### Records for this exercise ###
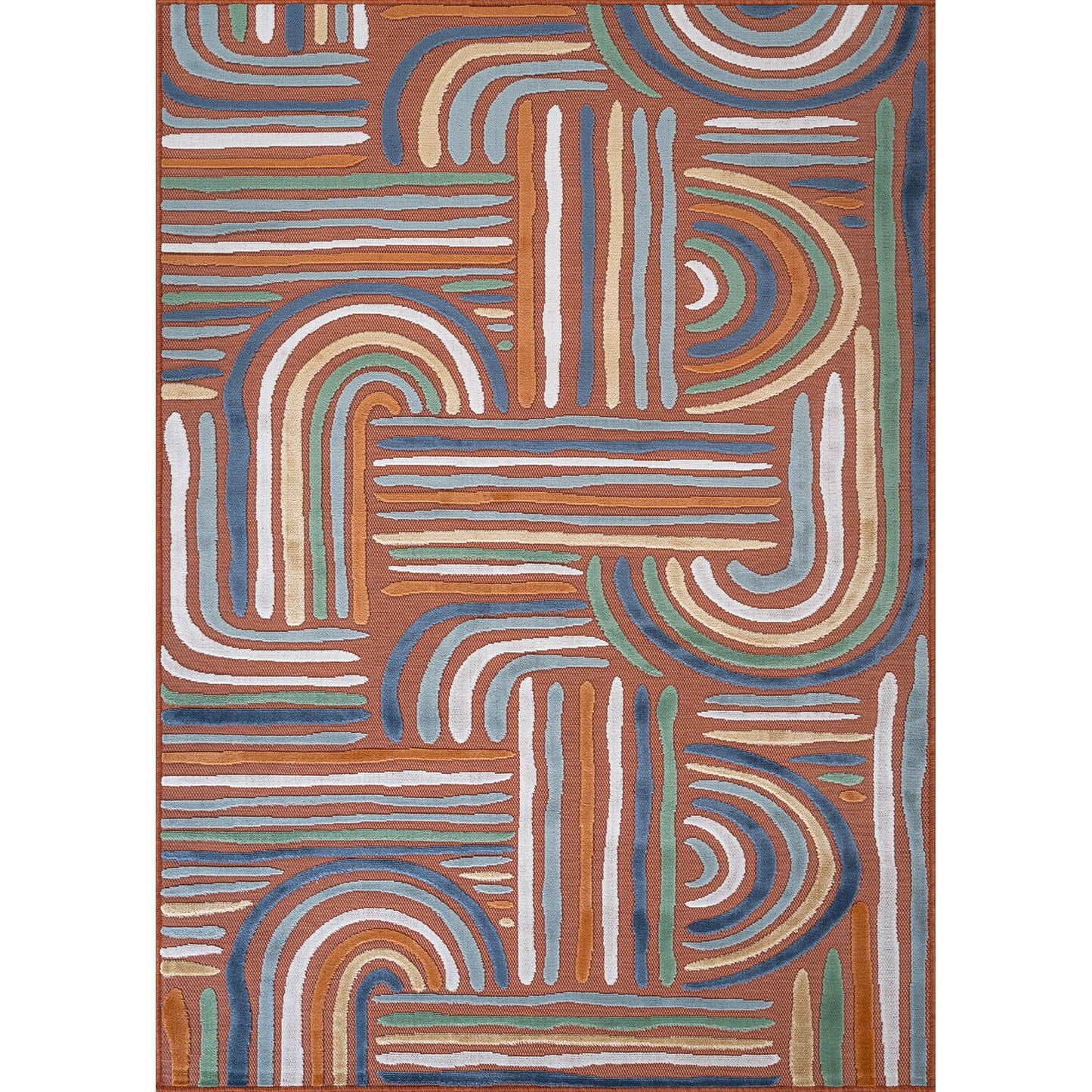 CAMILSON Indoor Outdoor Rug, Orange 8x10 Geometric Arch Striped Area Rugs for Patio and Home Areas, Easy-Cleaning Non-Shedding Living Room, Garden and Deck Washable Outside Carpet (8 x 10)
###
### Records for this exercise ###
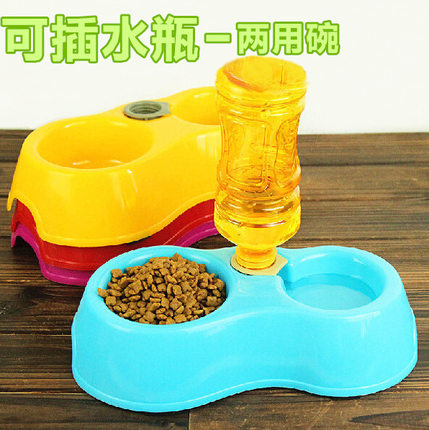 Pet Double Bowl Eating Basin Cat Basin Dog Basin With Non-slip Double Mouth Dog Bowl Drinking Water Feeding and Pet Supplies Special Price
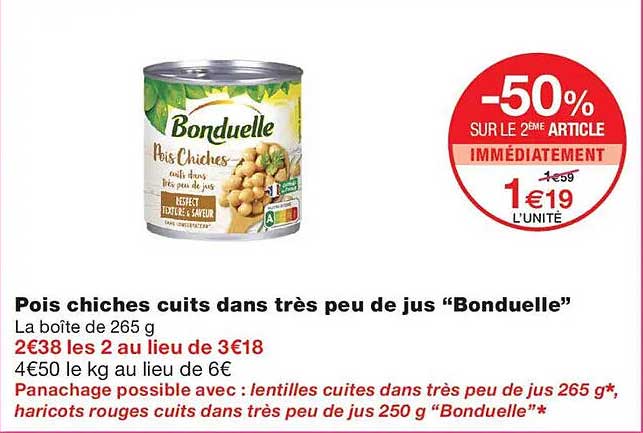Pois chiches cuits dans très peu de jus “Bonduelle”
###
_Action item_: Would you please reproduce the entries above, starting at the line with "Pet Double Bowl" and stopping after the line with "Pois chiches cuits"? Omit any pictures.

_Solution_:
 Pet Double Bowl Eating Basin Cat Basin Dog Basin With Non-slip Double Mouth Dog Bowl Drinking Water Feeding and Pet Supplies Special Price
Pois chiches cuits dans très peu de jus “Bonduelle”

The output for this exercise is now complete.